By periodically going over the soil before planting, you destroy most of the weeds that could be a problem later on. Work the soil one last time a few minutes before planting. This eliminates most weed seeds that have germinated since your last outing and will give your greens an even chance against the few remaining ones.
Greens Love Rich Soil
The healthiest and best-tasting greens are those that grow quickly. The important contributors to rapid growth are a steady moisture supply and fertile soil rich with decomposed organic matter or humus. Make it a point to regularly work plenty of organic matter into the top six to eight inches of soil. Use leaves, compost, grass clippings, garden residues or easy-to-grow cover crops, such as buckwheat, cowpeas or annual ryegrass.
Organic matter in the soil helps it to act like a sponge, retaining moisture. Without organic matter, the soil may drain too quickly, and shallow-rooted crops, like lettuce, will dry out and stop growing. When growth is interrupted like that, food quality goes way down.
When you spade or till all this organic matter into the soil, you're feeding the teeming soil life - those millions of microorganisms that break down the organic matter into nutrient-rich humus. Feed them, and they'll feed you in return.
The microorganisms in the soil and the plants' roots have to breathe, too, and organic matter gives the soil a porous quality so that oxygen can reach the roots. If you have heavy soil that doesn't drain well and crusts over after a rain, the particles of organic matter will wedge themselves between the tightly packed soil particles, so that air and water can circulate better.

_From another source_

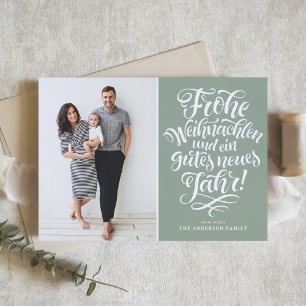 Cartes Pour Fêtes Annuelles Sage Green Frohe Weihnachten Calligraphie
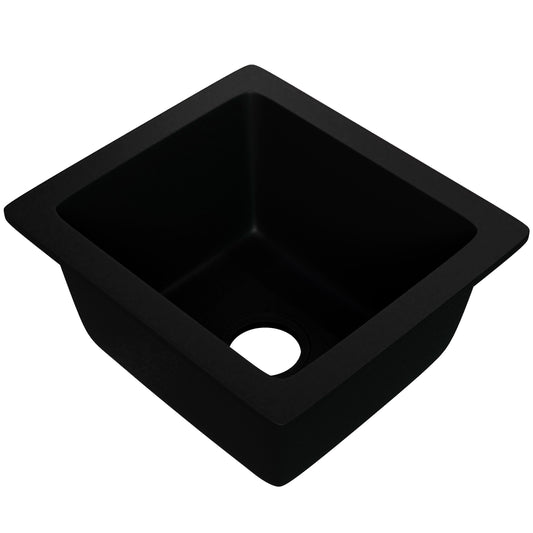 BAJA 18" x 16" Granite Composite Bar Sink in Absolute Black - NKGC-SBBAR-AB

Lettuce, spinach, chard, beet and turnip greens, and most of the other greens, prefer slightly acid soil with a pH of 6.0 to 6.5. The term pH refers to the measure of soil acidity or alkalinity. The pH scale of measurement runs from 1 (very acid) to 14 (very alkaline), with 7 as neutral. (In nature you generally find the range between 4.0 to 8.3.) If your soil pH is too high or too low, your crops may disappoint you. Spinach, for example, will be stunted and less tender when the soil pH is down below 6.0.
To test your soil pH, you can buy an inexpensive testing kit at a garden center or send a soil sample to a commercial lab or to your local Cooperative Extension Service, if they do soil tests. The results may indicate you need to add ground limestone to raise your pH, or you may have to mix sulfur into the soil to lower your pH.
The soil test report will indicate what and how much to add to your soil to bring it into the correct range.